Date of Award

Spring 3-1-2022

Degree Type

Thesis

Degree Name

MS Biology

Department

Biology

Advisor

Jessica Cottrell, Ph.D.

Committee Member

Daniel B Nichols, Ph.D.

Committee Member

Constantine Bitsaktsis, Ph.D.

Keywords

Sodium Orthovanadate, Senescence, Giant multinucleated cells, SASP, inflammation, Senolytics

Abstract

Cellular senescence is considered a signal transduction process where damaged or stressed cells arrest proliferation. Exogenous stressors including bacterial infection, chemotherapy, and irradiation can drive normal cells to senescence. Sodium orthovanadate (Na3VO4) is a phosphatase inhibitor known to mediate the release of the proinflammatory cytokine, TNF-a.

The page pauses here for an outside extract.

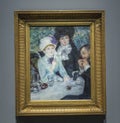 After the luncheon - painting by Renoir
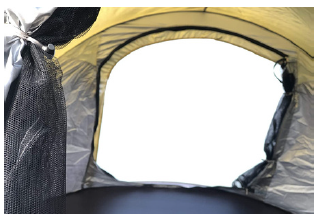 4 PERSON POP UP CAMPIMG TENT - YELLOW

We hypothesized that NaVO4 treatment will reduce proinflammatory expression from senescent cells. In our study we illustrate that prolonged exposure to LPS caused RAW 264.7 cells induced morphological changes indicative of senescent cells including the formation of giant multinucleated cells (GMCs). Furthermore, we found that RAW 264.7 GMC cells stain positive for senescence and increase expression of key proinflammatory cytokines associated with the senescent phenotype including IL-10 and TNF-α. Our data demonstrate that 100uM and 1000uM sodium orthovanadate treatment reduced cell proliferation. The reduction in proliferation was concomitant with changes in pro-inflammatory cytokines, IL-10, and TNF-α (Figure 9B &C at 24hrs). IPA analysis confirmed connections between these proinflammatory cytokines, senescence, and disease progression.